Die Beteiligung Südostasiens könnte ein besonders schwerer Schlag für US-Präsident Joe Biden sein. Ein Markenzeichen der Ära Biden seit 2021 war die Schaffung eines regionalen Bollwerks gegen den wachsenden Einfluss Chinas und die Bemühungen, den US-Dollar im Handel und im Finanzwesen zu ersetzen.

Das BRICS-Phänomen stellt einen immer größer werdenden Riss in den Beziehungen zwischen den USA und vielen ASEAN-Mitgliedern dar. Und das zu einer Zeit, in der Saudi-Arabien den „Petrodollar“ abschaffen will.
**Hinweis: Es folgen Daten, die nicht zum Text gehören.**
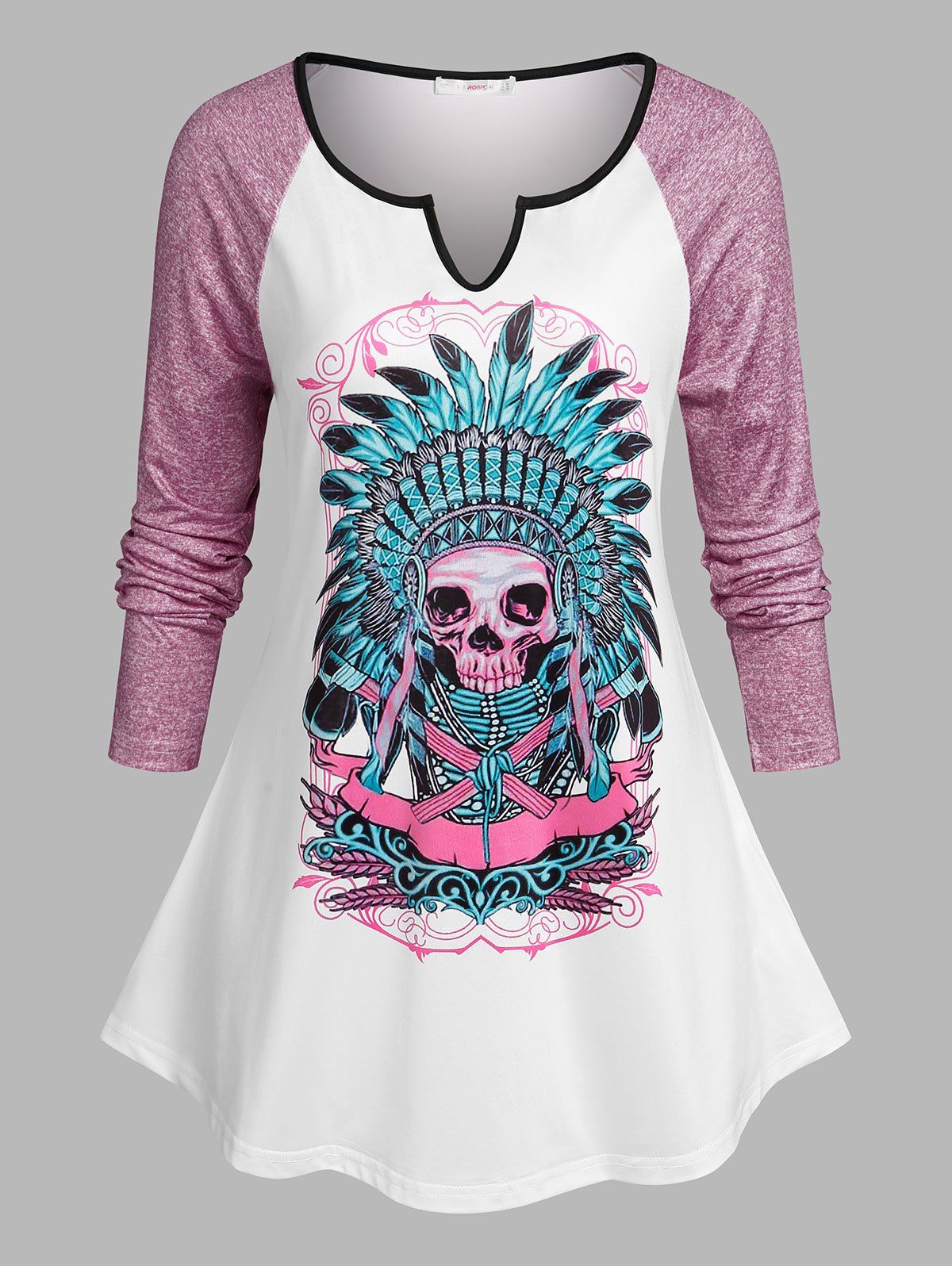 Chic Plus Size Witch Doctor Skull V Notch Binding Baseball Tee  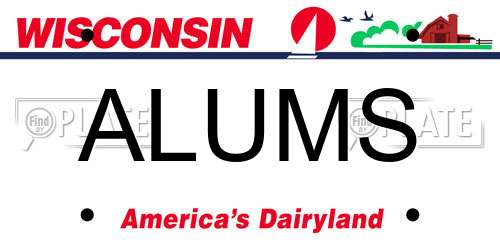ALUMS Wisconsin License Plate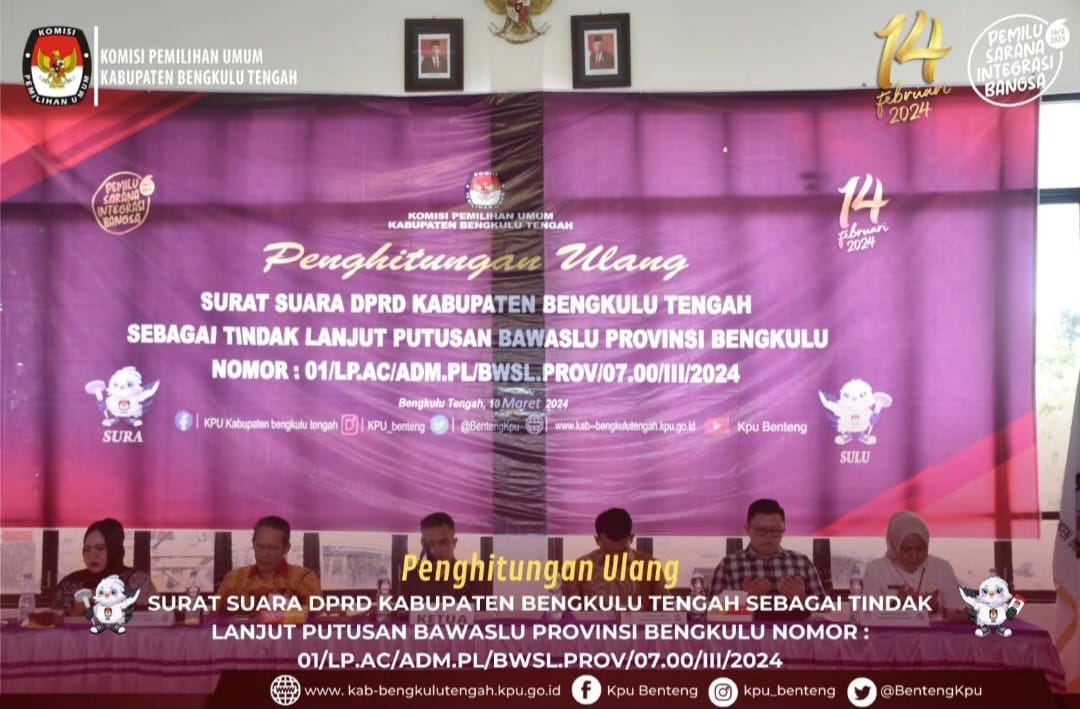 Usai Dilakukan Perhitungan Ulang, Ini Susunan Unsur Pimpinan DPRD Bengkulu Tengah Periode 2024-2029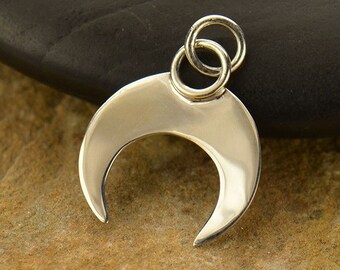 Sterling Silver Inverted Crescent, Wire Circle Pendant, Crescent Pendant, Circle Pendant, Silver Inverted Crescent, Silver Wire Circle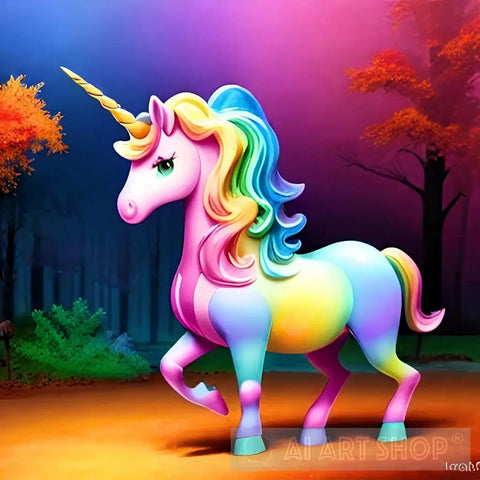 Unicorn Single Horned Horse Animal Ai Art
Riad intensiviert die Bemühungen um eine Entdollarisierung, da China, Russland und der Iran sich gegen alte Allianzen stellen.

„Eine allmähliche Demokratisierung der globalen Finanzlandschaft könnte im Gange sein und einer Welt Platz machen, in der mehr lokale Währungen für internationale Transaktionen verwendet werden können“, sagt Analyst Hung Tran vom Atlantic Council’s Geoeconomics Center.

„In einer solchen Welt würde der Dollar zwar weiterhin eine wichtige Rolle spielen, aber nicht mehr so übermächtig sein, sondern durch Währungen wie den chinesischen Renminbi, den Euro und den japanischen Yen in einer Weise ergänzt werden, die der internationalen Bedeutung ihrer Volkswirtschaften angemessen ist“, so Tran.

Tran stellt fest, dass „in diesem Zusammenhang die Art und Weise, wie Saudi-Arabien mit dem Petrodollar umgeht, ein ebenso wichtiger Vorbote der finanziellen Zukunft ist, wie es seine Schaffung fünfzig Jahre zuvor war“.

Diese potenzielle Zukunft ist diese Woche in Moskau in vollem Umfang zu sehen. Beamte, die in Washington die Runde machen, ignorieren diese Machenschaften 7.800 Kilometer entfernt auf eigene Gefahr.